Logo Questions Linux Laravel Mysql Ubuntu Git Menu
 

Python multiprocessing Pool Interaction With Namespace At Creation

We know that multiprocessing.Pool must be initialized after the definitions of functions to run on them. However I found the code below is inscrutable for me

import os
from multiprocessing import Pool

def func(i): print('first')

pool1 = Pool(2)
pool1.map(func, range(2))         #map-1

def func(i): print('second')
func2 = func

print('------')
pool1.map(func,  range(2))        #map-2
pool1.map(func2,  range(2))       #map-3

pool2 = Pool(2)
print('------')
pool2.map(func,   range(2))       #map-4
pool2.map(func2,  range(2))       #map-5

The output (python2.7 and python3.4 on linux) is

first         #map-1
first
------
first         #map-2
first
first         #map-3
first
------
second        #map-4
second
second        #map-5
second

map-2 print 'first' just as we expected. But how does map-3 find the name func2? I mean pool1 is initialized before the func2 's first occurrence. So func2 = func is indeed executed, while def func(i): print('second') is not. Why?

And if I define func2 directly by

def func2(i): print('second')

Then map-3 won't find name func2 as mentioned by many posts, eg. this one. What's the difference between two cases?

As I understand the arguments are passed to the slave processes by pickling, but how does pool pass the called function to other processes? Or how do sub-processes find the called function?

like image 698
Syrtis Major Avatar asked Sep 06 '25 03:09

Syrtis Major


1 Answers

tl;dr: the issue at map-3 where the first func is being called, when one would expect the second func to be is due to the fact that Pool.map() serializes func.__name__ with pickle which resolves to func even though it's being assigned to the func2 reference, and is sent to the child process, which looks up the func locally to the child process.
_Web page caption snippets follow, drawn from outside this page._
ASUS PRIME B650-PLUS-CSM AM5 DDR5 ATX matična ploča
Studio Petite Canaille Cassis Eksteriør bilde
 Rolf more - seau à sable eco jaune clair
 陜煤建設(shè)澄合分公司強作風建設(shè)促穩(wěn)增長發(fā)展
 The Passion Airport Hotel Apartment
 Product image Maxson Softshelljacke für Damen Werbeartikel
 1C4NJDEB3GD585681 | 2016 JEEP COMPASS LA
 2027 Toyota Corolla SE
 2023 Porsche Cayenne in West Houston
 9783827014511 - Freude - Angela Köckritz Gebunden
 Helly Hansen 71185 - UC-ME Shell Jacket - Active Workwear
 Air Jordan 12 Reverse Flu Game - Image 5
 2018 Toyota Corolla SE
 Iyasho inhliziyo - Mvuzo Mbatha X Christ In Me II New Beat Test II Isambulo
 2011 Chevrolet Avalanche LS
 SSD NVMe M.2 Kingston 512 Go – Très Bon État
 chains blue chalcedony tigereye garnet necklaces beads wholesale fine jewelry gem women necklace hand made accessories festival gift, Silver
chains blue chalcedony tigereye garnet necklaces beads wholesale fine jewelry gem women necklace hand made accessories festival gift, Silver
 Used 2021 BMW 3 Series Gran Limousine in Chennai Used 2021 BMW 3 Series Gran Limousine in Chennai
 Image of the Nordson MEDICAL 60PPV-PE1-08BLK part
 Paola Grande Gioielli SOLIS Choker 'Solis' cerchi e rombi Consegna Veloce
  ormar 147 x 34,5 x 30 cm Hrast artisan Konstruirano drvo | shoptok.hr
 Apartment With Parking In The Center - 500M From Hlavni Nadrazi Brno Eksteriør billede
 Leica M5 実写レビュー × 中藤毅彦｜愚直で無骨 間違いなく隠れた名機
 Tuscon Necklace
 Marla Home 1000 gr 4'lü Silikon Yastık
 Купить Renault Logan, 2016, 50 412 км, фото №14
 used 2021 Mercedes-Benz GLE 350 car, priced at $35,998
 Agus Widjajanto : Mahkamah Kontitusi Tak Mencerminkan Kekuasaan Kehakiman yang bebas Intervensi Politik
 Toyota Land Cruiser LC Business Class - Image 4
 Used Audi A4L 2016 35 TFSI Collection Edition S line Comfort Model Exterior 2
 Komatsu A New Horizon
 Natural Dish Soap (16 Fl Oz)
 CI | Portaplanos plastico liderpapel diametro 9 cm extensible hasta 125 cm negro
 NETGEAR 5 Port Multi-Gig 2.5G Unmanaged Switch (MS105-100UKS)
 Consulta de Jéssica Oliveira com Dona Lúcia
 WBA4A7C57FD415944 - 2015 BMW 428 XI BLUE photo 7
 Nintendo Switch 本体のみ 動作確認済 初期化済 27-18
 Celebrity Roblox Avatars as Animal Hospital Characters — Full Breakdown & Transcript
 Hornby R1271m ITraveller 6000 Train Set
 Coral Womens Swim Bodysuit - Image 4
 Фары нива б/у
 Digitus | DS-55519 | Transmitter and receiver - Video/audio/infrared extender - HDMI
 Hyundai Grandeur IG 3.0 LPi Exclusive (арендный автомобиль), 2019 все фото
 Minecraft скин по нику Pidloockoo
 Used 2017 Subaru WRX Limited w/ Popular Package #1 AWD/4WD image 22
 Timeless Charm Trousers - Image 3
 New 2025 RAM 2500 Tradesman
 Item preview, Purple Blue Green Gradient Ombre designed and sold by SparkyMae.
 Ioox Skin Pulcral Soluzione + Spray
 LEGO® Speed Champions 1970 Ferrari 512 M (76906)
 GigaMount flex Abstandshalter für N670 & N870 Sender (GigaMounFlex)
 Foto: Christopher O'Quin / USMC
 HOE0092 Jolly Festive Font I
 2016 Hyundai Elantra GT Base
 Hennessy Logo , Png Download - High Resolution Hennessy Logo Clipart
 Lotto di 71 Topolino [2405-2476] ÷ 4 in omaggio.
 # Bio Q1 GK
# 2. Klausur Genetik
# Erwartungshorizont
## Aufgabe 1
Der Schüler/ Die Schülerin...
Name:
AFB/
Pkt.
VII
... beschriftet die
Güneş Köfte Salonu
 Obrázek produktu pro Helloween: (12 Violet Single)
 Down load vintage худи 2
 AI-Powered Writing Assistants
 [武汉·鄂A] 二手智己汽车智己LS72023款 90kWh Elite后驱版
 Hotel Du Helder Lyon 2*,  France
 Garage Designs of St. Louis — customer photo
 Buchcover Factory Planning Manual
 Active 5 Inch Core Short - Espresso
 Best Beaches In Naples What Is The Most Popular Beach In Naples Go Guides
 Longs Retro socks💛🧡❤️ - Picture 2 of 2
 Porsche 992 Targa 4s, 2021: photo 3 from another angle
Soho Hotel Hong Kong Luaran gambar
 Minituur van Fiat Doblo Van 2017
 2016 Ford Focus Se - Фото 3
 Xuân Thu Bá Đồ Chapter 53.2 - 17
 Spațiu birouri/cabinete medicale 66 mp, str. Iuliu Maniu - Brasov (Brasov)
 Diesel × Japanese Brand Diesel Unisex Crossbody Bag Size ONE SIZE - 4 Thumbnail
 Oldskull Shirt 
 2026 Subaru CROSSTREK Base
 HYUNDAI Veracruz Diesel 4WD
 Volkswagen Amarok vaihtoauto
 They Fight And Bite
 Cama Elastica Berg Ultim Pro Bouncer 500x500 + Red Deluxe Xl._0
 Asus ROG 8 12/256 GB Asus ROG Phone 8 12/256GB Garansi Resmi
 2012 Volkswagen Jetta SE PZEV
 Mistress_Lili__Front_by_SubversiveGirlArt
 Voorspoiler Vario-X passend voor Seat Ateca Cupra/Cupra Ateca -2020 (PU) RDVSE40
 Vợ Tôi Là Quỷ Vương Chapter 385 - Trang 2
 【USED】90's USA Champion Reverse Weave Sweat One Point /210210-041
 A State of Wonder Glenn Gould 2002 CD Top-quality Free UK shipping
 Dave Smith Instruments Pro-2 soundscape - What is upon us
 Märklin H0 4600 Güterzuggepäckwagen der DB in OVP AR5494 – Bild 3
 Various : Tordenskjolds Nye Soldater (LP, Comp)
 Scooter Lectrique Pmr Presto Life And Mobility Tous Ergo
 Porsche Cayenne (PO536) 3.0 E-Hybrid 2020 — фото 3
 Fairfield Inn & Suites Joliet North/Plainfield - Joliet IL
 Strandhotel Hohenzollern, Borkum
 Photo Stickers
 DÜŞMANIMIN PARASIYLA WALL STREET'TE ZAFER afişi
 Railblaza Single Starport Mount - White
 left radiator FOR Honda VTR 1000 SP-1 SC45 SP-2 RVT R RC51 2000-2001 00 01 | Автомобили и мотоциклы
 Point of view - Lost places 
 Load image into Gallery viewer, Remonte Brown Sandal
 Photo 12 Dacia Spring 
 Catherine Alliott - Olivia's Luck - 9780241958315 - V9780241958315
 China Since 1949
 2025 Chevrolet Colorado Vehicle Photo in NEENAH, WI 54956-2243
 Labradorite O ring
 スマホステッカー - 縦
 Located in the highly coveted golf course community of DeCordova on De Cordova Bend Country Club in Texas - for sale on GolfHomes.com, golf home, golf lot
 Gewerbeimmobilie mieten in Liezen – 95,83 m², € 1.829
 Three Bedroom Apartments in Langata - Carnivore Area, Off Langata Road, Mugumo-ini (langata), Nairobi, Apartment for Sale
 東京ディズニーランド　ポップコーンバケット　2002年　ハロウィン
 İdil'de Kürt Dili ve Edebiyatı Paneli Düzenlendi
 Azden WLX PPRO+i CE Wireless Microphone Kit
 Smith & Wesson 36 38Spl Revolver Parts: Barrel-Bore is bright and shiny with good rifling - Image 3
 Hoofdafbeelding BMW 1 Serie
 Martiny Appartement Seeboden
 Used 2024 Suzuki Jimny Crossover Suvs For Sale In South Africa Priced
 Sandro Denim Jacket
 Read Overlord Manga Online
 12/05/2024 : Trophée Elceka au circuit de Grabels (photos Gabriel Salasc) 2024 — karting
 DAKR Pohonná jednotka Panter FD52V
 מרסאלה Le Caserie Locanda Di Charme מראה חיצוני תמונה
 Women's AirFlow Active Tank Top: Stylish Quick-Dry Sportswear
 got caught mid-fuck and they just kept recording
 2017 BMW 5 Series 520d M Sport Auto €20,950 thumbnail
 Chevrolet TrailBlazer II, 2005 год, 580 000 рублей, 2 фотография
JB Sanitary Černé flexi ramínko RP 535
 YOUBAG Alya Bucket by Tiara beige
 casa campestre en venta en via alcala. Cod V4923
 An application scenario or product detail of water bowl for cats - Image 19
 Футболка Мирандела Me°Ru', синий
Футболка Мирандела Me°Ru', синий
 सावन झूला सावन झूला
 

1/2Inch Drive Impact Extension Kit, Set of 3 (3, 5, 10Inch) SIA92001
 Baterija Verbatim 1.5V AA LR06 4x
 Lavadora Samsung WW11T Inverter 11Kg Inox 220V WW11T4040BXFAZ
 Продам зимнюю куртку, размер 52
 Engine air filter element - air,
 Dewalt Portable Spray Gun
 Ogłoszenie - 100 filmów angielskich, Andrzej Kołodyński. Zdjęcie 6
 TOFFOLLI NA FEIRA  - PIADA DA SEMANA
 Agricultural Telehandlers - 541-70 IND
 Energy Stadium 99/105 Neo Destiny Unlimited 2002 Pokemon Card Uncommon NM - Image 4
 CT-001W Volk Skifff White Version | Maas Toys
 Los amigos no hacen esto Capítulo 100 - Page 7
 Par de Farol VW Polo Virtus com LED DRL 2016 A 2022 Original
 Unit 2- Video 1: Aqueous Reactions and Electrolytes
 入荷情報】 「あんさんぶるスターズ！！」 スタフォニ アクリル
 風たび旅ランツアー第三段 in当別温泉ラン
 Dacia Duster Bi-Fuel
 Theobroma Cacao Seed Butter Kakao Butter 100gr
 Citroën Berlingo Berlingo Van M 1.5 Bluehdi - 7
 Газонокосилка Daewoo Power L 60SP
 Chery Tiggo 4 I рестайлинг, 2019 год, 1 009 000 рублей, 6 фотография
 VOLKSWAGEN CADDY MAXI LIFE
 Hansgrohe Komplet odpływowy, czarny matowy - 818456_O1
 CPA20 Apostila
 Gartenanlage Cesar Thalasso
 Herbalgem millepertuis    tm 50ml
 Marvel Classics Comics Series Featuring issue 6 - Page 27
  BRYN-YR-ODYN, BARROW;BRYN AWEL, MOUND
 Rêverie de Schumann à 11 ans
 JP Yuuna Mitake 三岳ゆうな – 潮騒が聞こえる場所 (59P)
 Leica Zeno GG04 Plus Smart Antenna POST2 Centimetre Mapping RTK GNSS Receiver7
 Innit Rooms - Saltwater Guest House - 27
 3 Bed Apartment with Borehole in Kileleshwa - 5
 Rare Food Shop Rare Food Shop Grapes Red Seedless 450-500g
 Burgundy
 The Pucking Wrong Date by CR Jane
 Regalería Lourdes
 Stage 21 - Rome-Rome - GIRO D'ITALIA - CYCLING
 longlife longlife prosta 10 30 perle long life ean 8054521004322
ok so I can count four different questions, listed below, and I consider you're already lectured about namespaces and forking processes, to get straight into the fun of your question ☺

① But how does map-3 find the name func2?

② So func2 = func is indeed executed, while def func(i): print('second') is not. Why?

③ Then map-3 won't find name func2 as mentioned by many posts, eg. this one. What's the difference between two cases?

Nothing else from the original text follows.